‘We are all burdens. We were once burdens, and we will be burdens again’.

This is a kind of footnote to my last post about the conference on ‘Care Ethics and Precarity’ that I attended recently in Portland, Oregon. Thanks to Twitter, I came across this beautiful article by comedian Jeremy McLellan, on welcoming people with intellectual disabilities. You don’t have to share the author’s religious beliefs (though I do) to conclude that this is a perfect encapsulation of (one aspect of) an ethic of care. Here’s the key passage, but do read the whole thing:

Our culture does not make it easy to welcome intrusions. Avoiding such inefficiencies is baked into liberalism itself. We have worked to replace a social order built on a rich web of unchosen obligations with a series of voluntary relationships entered into by rational, sovereign, independent individuals. And once our obligations are reduced to only those to which we have freely consented, we cannot help but regard the uninvited presence of the other as an intrusion.

It is no mystery, then, why close forms of community, particularly the extended family, have collapsed in the West.
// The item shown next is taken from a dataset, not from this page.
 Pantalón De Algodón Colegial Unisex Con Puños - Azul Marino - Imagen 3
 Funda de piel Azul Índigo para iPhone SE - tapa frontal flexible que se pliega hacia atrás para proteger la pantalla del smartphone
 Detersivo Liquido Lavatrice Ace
After all, you do not choose your parents, grandparents, siblings, aunts, uncles, cousins, ancestors or heritage. You can choose whether to have children, but you cannot (yet) choose what they will be like. You can choose a spouse, but you do not get to choose how that person will change. Over time, he or she will become a different person. And so will you. In the end, every marriage is an arranged marriage.

So whether it is the disabled, the unborn, the elderly, the poor, the refugee or anyone else, our attitude is often the same: We did not agree to this. This was not part of the plan. They are burdens. And they are. But we are all burdens. We were once burdens, and we will be burdens again.